▸ Task:
Extract, in full, the lines below, beginning at the first and ending with the line that contains "Handbag Case for". Pictures do not belong in the copy.

▸ Provided records:
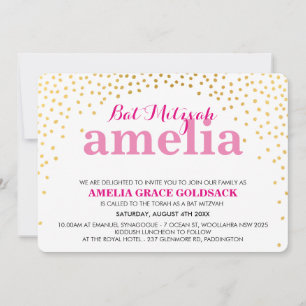 GLAMOROUS BAT MITZVAH rustikaler Goldkonfetti pink Einladung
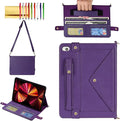 Handbag Case for iPad Mini 5th/4th/3th/2th/1st Generation 7.9-inch, Techcircle Folio Stand PU Leather Crossbody iPad Mini Cover with Hand Strap, Multiple Card Slots Envelope Pocket Wallet Case, Purple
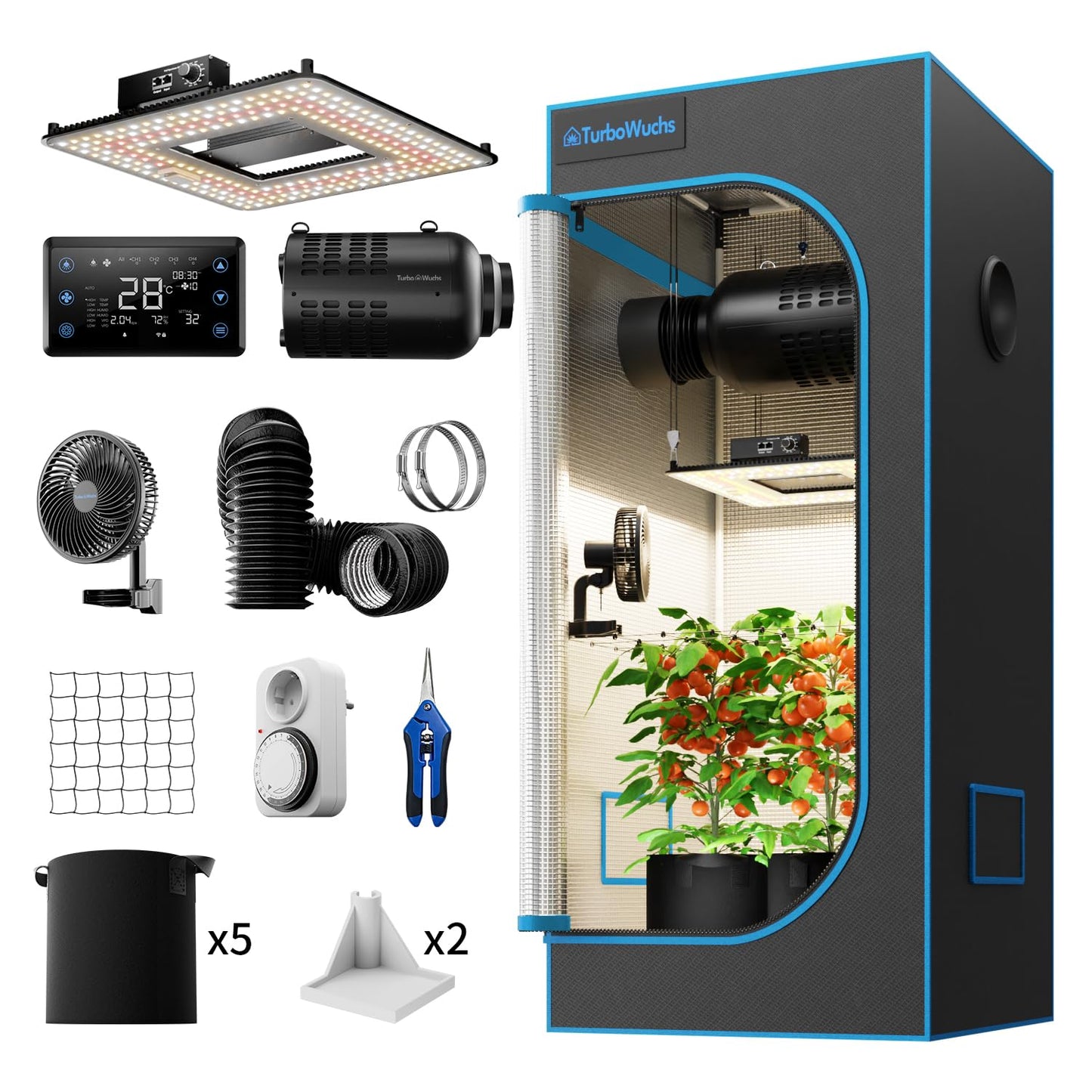 Grow Tent Kit Complete System 2.3x2.3 ft, 100W LED Grow Light with LM301H EVO & Sunrise Timer, 1680D High-Reflective Mylar Tent, 4 Inch Smart 2-in-1 Ventilation System with Carbon Filter & Clip Fan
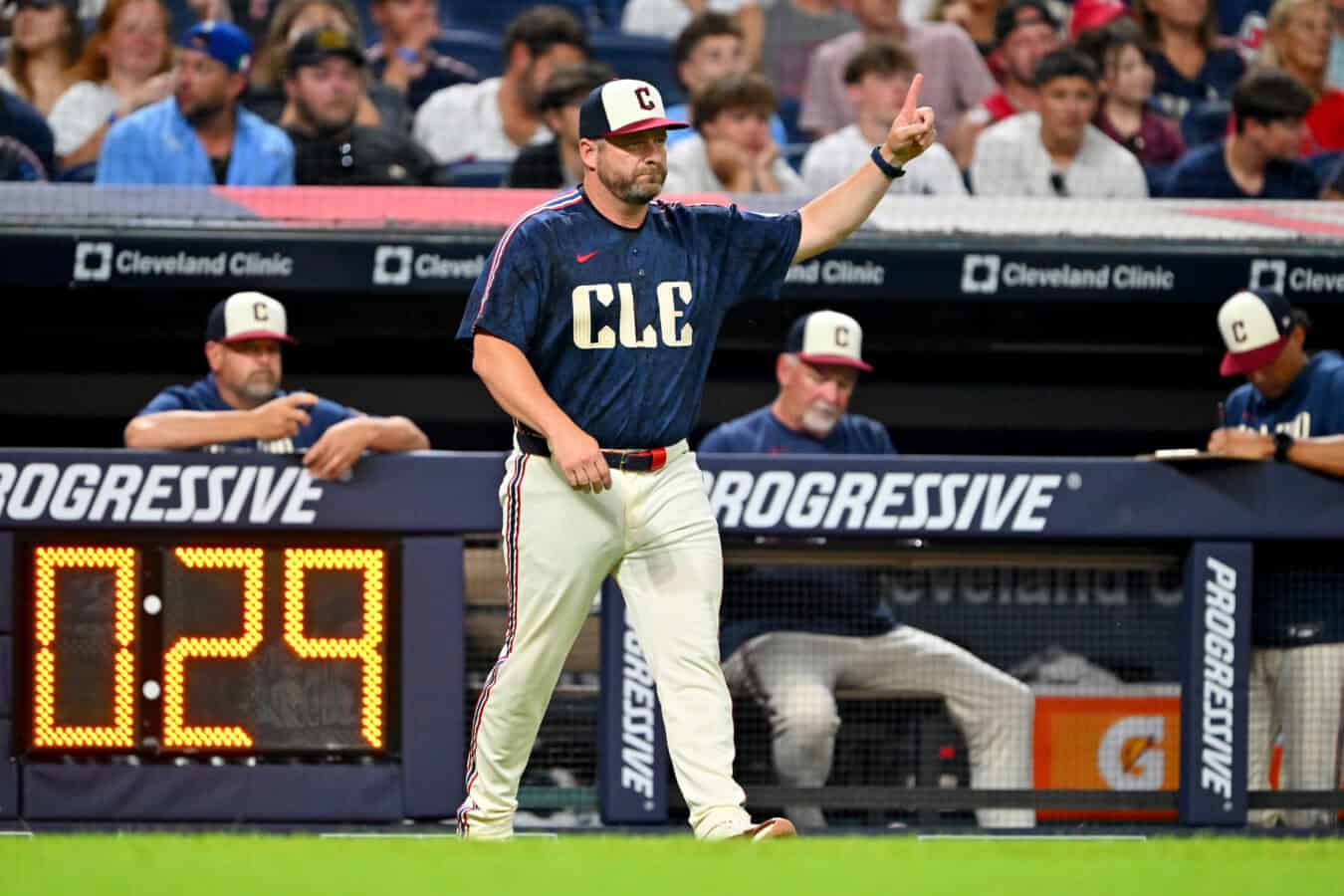 CLEVELAND, OHIO - JULY 31: Manager Stephen Vogt of the Cleveland Guardians signals for a pitching change during the eighth inning against the Arizona Diamondbacks at Progressive Field on July 31, 2026 in Cleveland, Ohio.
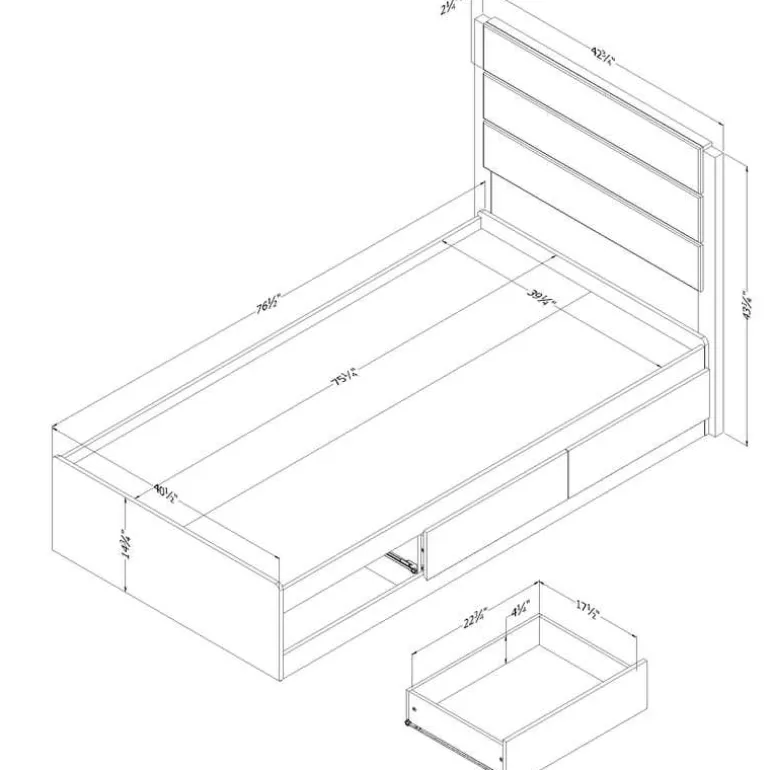 Twin Bed with 3-Drawer Storage and Headboard (39") - South Shore
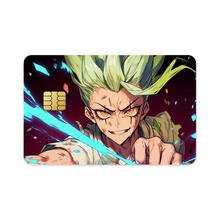 Load image into Gallery viewer, Senku Ishigami - Dr. Stone Anime Background Credit Card Skins (4-in-1 Pack)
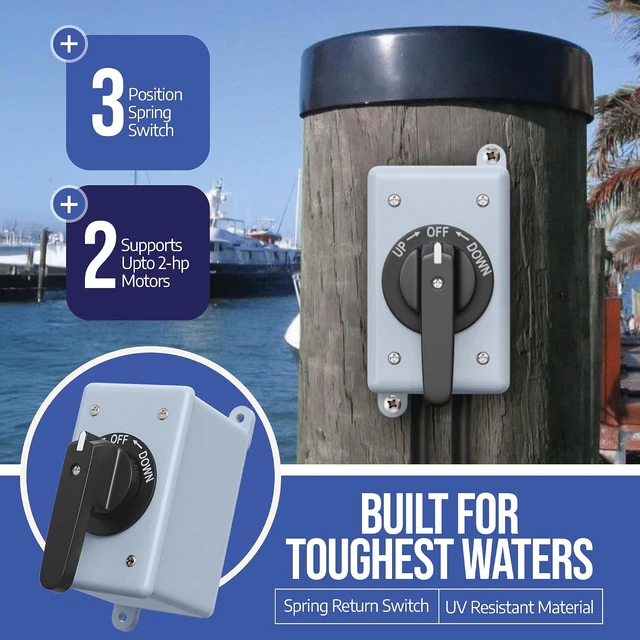 Alt view image 3 of 7 - 3-Position Boat Lift Switch, Spring Return for up to 2-HP Motors, Stainless Steel Terminals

▸ Written solution:
 GLAMOROUS BAT MITZVAH rustikaler Goldkonfetti pink Einladung
 Handbag Case for iPad Mini 5th/4th/3th/2th/1st Generation 7.9-inch, Techcircle Folio Stand PU Leather Crossbody iPad Mini Cover with Hand Strap, Multiple Card Slots Envelope Pocket Wallet Case, Purple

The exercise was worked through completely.